Hoje é um dia muito especial. Dia dos pais. Nossa grande homenagem aos papais e filhos, principalmente os advogados. Muitos dizem que o Direito está impregnado no DNA. Não sei se é o caso, mas é muito comum os filhos seguirem a carreira dos pais ou, ao menos, serem influenciados pelo trabalho diário daqueles que convivem tão perto um do outro. Eu mesmo, antes de seguir a carreira de jornalista, ingressei nas Ciências Agrárias, graças a meu pai, Engenheiro Agrônomo. Era bacana, quando em tempos de eu menino, ver meu pai ser chamado de “doutor” pelos pequenos agricultores que recebiam suas orientações técnicas no campo. Penso que com os “doutores” Advogados o sentimento deveria ser o mesmo: um misto de admiração e desejo. Desejo de seguir o mesmo caminho. E assim se constrói uma história de Quando pais e filhos são Advogados.

Leia também: STJ aumenta honorários advocatícios.

Buscando a própria identidade

Em conversa com um famoso Advogado pernambucano, Rômulo Saraiva, especialista em direito previdenciário, descobri algo que permeia o pensamento dos futuros operadores do direito quando, enfim, resolvem seguir os passos do pai ou da mãe, advogados.

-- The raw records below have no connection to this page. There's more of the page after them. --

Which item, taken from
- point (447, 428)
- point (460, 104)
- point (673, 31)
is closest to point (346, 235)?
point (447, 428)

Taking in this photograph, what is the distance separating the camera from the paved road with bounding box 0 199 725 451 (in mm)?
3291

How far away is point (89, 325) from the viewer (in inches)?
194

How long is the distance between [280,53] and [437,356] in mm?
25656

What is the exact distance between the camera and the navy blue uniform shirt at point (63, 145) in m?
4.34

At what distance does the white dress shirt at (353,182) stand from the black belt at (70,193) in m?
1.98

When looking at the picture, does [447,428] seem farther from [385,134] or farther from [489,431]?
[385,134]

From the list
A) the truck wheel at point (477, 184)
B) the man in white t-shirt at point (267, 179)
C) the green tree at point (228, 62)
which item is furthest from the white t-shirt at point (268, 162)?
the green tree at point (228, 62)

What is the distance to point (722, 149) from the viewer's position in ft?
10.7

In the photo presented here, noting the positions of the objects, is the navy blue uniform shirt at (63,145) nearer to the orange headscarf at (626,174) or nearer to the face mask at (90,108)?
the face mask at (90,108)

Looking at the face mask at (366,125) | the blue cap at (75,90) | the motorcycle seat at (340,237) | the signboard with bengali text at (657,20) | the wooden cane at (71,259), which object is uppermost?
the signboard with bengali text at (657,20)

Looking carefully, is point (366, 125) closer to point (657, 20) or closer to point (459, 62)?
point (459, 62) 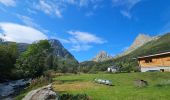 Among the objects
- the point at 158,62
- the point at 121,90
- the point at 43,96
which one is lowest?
the point at 43,96

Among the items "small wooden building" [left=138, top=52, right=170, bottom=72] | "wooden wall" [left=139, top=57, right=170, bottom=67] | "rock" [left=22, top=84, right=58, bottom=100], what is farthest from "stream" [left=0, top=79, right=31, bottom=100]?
"wooden wall" [left=139, top=57, right=170, bottom=67]

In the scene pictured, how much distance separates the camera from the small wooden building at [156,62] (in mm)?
67831

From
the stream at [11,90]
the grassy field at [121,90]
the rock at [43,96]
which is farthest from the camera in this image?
the stream at [11,90]

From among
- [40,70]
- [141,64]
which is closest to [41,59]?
[40,70]

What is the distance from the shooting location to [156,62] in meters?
70.9

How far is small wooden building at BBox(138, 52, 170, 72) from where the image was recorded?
67.8 metres

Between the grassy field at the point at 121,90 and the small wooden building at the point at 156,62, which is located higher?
the small wooden building at the point at 156,62

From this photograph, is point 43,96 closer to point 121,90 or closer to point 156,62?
point 121,90

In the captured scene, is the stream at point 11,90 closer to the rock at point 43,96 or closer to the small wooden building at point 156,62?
the rock at point 43,96

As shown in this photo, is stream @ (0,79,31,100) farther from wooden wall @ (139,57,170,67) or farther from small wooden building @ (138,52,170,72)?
wooden wall @ (139,57,170,67)

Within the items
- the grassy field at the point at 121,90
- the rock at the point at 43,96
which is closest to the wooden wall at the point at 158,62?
the grassy field at the point at 121,90

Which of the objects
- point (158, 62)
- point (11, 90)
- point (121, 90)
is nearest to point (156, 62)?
point (158, 62)

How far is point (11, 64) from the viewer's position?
7444 cm

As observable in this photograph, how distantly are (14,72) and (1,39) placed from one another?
24.1m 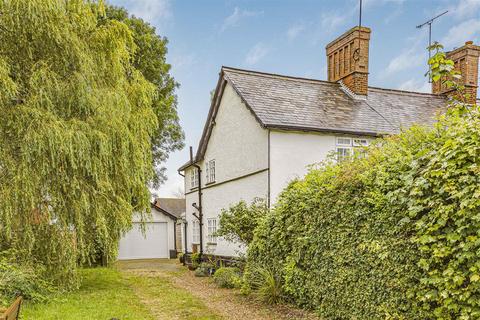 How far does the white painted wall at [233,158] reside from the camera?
47.0 feet

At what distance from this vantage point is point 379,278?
19.8ft

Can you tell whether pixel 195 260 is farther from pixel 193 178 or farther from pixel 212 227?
pixel 193 178

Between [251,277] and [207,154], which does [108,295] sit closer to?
[251,277]

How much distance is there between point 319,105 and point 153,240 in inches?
653

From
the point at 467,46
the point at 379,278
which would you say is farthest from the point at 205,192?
the point at 467,46

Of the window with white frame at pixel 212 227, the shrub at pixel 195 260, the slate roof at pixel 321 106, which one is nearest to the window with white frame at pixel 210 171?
the window with white frame at pixel 212 227

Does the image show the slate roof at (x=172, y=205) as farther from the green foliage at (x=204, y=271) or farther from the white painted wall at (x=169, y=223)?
the green foliage at (x=204, y=271)

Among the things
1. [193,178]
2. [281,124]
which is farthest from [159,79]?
[281,124]

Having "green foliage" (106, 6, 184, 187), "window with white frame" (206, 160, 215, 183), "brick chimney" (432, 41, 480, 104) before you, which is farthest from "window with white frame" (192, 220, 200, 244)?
"brick chimney" (432, 41, 480, 104)

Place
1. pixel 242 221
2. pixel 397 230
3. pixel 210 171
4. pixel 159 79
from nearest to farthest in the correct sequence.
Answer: pixel 397 230 → pixel 242 221 → pixel 210 171 → pixel 159 79

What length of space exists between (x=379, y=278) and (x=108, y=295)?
7812 mm

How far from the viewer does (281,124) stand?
13.1m

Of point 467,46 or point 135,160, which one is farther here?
point 467,46

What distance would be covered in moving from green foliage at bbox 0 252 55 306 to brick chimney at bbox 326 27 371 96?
47.1 feet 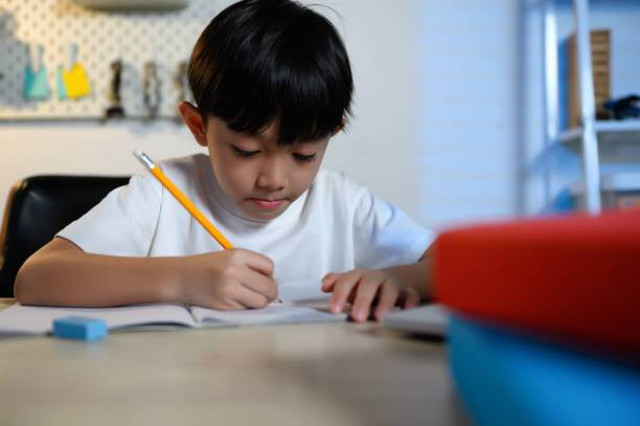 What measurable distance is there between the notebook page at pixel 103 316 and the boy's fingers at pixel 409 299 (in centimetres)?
22

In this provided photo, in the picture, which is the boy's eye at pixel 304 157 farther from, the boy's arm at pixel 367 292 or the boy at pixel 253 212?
the boy's arm at pixel 367 292

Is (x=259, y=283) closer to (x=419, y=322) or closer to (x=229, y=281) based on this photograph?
(x=229, y=281)

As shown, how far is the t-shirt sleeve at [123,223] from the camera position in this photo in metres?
0.83

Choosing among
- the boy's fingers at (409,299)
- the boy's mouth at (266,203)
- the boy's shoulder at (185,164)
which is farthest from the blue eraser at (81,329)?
the boy's shoulder at (185,164)

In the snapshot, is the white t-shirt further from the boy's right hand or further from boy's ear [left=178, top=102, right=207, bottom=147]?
the boy's right hand

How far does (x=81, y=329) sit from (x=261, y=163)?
15.2 inches

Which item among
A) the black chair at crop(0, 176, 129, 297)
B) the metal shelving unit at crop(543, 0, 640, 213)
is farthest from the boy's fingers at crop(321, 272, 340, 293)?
the metal shelving unit at crop(543, 0, 640, 213)

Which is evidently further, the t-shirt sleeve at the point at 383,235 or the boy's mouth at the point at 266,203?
the t-shirt sleeve at the point at 383,235

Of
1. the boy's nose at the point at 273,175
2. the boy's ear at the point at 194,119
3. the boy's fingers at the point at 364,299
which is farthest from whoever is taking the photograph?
the boy's ear at the point at 194,119

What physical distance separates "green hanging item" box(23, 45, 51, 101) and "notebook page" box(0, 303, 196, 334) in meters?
1.39

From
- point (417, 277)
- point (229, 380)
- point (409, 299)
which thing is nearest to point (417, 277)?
point (417, 277)

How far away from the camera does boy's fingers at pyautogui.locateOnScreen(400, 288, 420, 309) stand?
0.66 metres

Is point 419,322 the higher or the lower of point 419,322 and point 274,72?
the lower

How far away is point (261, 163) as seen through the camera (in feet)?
2.68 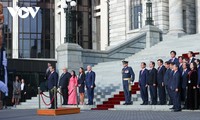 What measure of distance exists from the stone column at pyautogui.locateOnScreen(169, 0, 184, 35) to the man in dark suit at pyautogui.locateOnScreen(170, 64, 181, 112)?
16025 mm

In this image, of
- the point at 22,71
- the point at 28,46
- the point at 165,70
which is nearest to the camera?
the point at 165,70

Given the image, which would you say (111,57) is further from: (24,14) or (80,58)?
(24,14)

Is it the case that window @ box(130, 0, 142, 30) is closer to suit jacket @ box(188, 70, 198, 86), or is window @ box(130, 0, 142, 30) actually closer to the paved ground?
suit jacket @ box(188, 70, 198, 86)

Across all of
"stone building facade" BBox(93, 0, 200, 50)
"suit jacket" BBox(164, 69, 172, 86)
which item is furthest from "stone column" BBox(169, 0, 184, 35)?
"suit jacket" BBox(164, 69, 172, 86)

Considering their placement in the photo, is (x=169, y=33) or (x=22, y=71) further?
(x=22, y=71)

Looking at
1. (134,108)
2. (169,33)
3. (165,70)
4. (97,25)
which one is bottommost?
(134,108)

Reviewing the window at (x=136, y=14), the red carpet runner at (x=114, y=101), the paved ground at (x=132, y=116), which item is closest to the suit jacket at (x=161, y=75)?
the paved ground at (x=132, y=116)

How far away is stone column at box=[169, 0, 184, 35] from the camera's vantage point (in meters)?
30.5

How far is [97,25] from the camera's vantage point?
55.0 metres

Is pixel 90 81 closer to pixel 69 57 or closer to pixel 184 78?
pixel 184 78

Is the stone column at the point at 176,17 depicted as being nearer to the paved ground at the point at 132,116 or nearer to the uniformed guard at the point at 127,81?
the uniformed guard at the point at 127,81

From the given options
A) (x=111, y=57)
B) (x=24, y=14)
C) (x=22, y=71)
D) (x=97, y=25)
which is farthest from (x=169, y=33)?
(x=24, y=14)

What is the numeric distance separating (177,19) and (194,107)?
16868mm

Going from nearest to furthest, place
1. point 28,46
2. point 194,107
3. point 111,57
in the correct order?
point 194,107 → point 111,57 → point 28,46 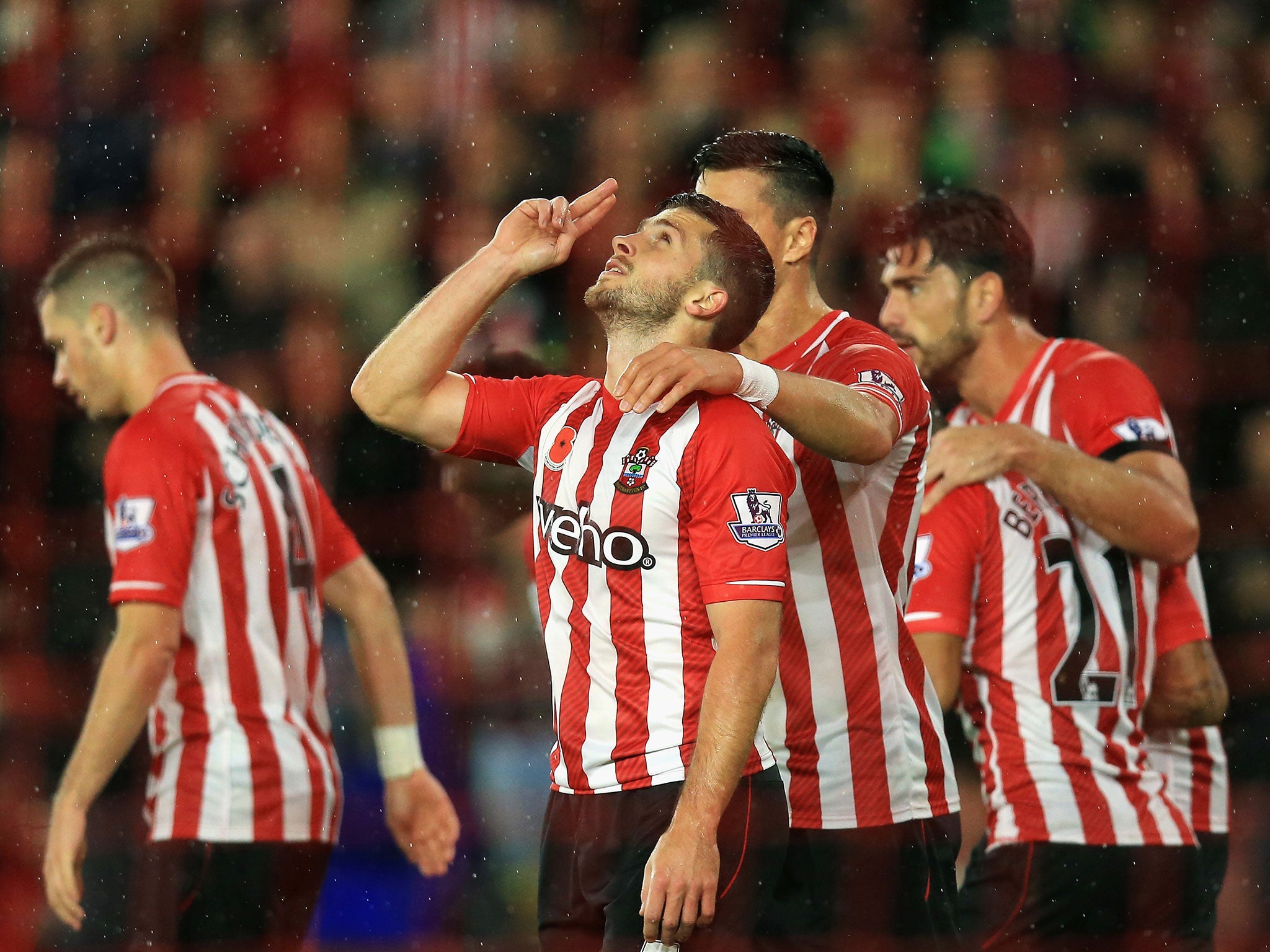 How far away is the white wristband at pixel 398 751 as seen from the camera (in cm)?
360

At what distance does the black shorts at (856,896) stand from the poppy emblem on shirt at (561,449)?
0.77 m

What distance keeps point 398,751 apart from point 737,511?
170 centimetres

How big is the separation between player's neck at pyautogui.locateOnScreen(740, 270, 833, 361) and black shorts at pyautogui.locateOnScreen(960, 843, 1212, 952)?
1.23m

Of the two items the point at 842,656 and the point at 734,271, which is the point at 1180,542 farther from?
the point at 734,271

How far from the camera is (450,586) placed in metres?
5.40

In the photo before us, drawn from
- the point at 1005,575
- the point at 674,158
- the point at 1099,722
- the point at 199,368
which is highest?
the point at 674,158

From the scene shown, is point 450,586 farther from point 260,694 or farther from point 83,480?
point 260,694

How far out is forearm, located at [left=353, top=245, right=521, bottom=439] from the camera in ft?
8.05

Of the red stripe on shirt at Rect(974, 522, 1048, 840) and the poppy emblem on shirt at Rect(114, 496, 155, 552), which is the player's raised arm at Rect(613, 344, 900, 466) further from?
the poppy emblem on shirt at Rect(114, 496, 155, 552)

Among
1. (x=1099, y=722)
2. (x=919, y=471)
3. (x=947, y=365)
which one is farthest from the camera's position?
(x=947, y=365)

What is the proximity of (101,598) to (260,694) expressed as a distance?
2.06m

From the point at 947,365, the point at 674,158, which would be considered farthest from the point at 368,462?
the point at 947,365

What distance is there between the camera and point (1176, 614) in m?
3.36

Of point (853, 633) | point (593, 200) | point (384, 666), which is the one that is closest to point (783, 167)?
point (593, 200) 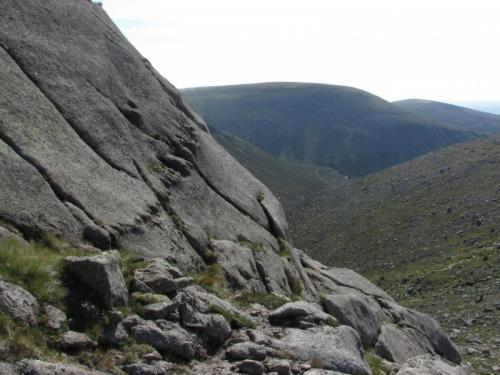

A dúvida surge sobre que caminho seguir no tocante ao ramo do direito. “Meu pai sempre advogou na área trabalhista. Era o meu caminho natural, praticamente fui arrastado para ele. Mas, como o passar do tempo, vi que me respeitavam porque eu era filho de um grande jurista. Eu queria mais do que isso e, assim, me permite fazer uma nova escolha e em apaixonei pelo direito previdenciário”, resume Rômulo, que atualmente advoga no ramo previdenciarista em Recife e São Paulo.

O exemplo que vem de casa

Ulisses Correia Malta Filho é advogado trabalhista em Alagoas. Ele é neto e pai de advogados. “Meu pai é do interior de Pernambuco e foi um rábula (antigo advogado sem formação superior) renomado. Mesmo sem formação superior, era profundo estudioso das ciências jurídicas e teve vários clientes em um tempo onde se exercia a advocacia mesmo sem ser formado”. Dr. Ulisses era consultado até mesmo por magistrados, tamanho era o seu conhecimento na década de 1930. “Passava a férias com meu avô e sempre via ele trabalhando, atendendo o povo, dando orientações. Aquilo me fascinava e, assim, larguei a faculdade de medicina e me tornei advogado”. Ulisses Correia Malta Filho tem três filhos, todos juristas e jura que nunca influenciou os descendentes.

Lição de vida

Mas nem sempre é fácil trilhar a mesma carreira que os pais. Não se enganem, a cobrança é muito maior. Por serem mais experientes e conhecedores do trabalho, os pais tendem a exigir ais de seus “pupilos”. E para complicar ainda mais, a cobrança da sociedade também é gigantesca. “Quando eu chegada no fórum, os servidores logo vinha me cumprimentar por causa do meu pai. Diziam o quanto ele era respeitado por seus conhecimentos notáveis da lei e, naturalmente, queriam o mesmo de mim. Isso contribuiu para que eu me esforçasse bastante para ser reconhecido como eu mesmo e não somente como filho do meu pai. Mas não nego meu orgulho por ele”, conclui Rômulo Saraiva.